DESCRIPTION OF THE TASK: Reproduce the records word for word, leaving out any pictures they hold.

▽

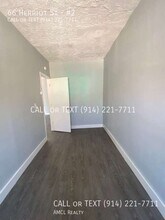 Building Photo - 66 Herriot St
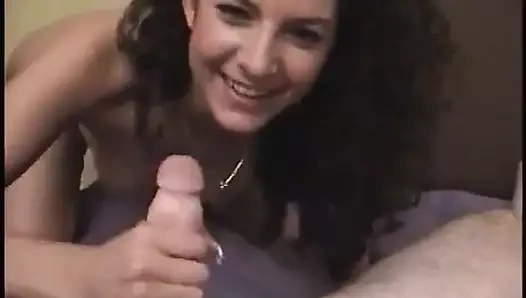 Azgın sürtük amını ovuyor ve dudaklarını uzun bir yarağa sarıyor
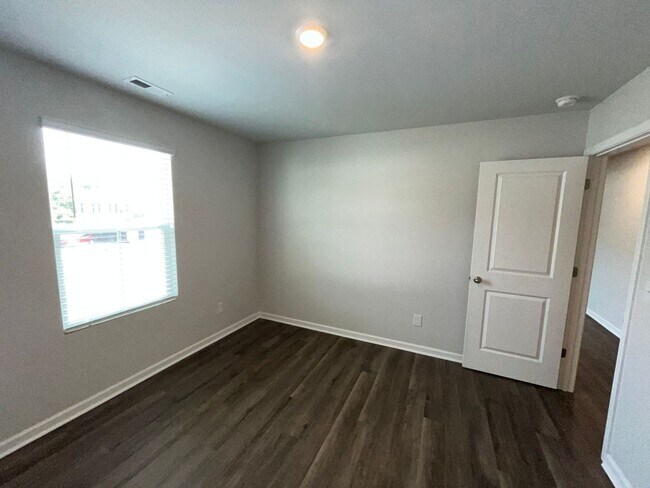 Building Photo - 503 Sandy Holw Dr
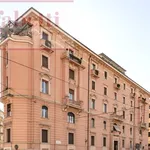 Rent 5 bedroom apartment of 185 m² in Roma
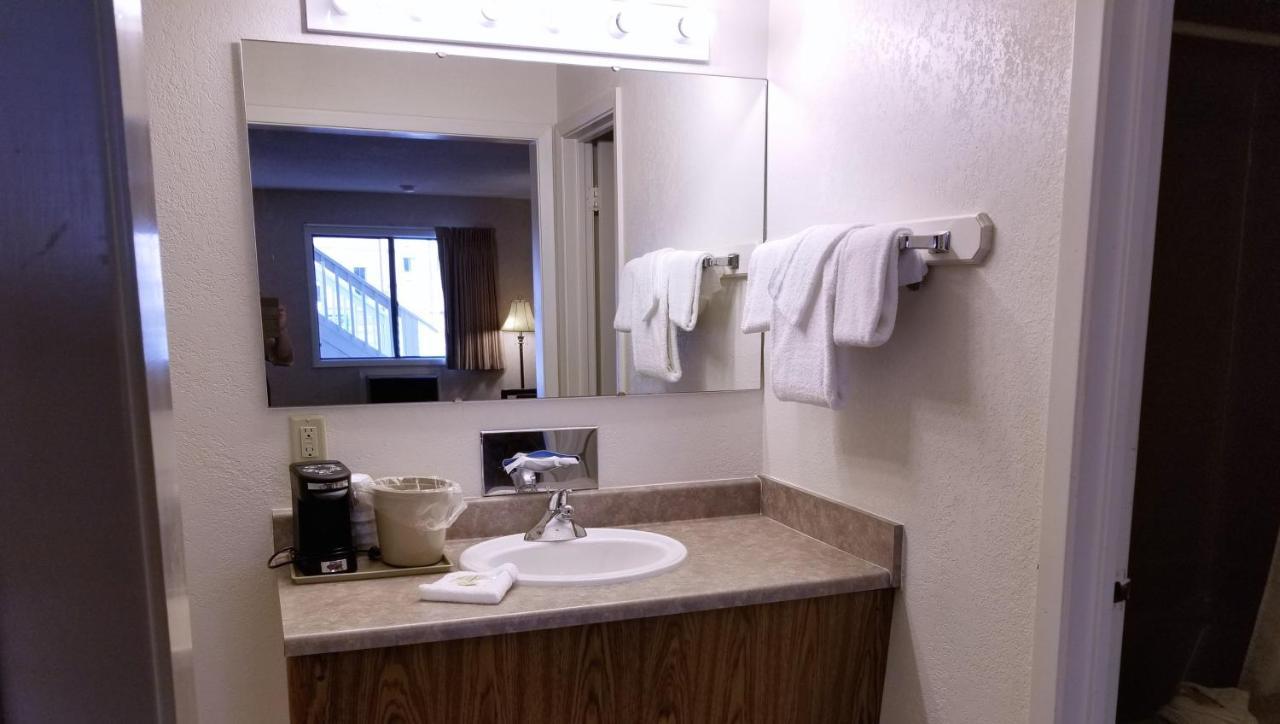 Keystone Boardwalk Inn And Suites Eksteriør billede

△

ANSWER SPACE:
 Building Photo - 66 Herriot St
 Azgın sürtük amını ovuyor ve dudaklarını uzun bir yarağa sarıyor
 Building Photo - 503 Sandy Holw Dr
 Rent 5 bedroom apartment of 185 m² in Roma
 Keystone Boardwalk Inn And Suites Eksteriør billede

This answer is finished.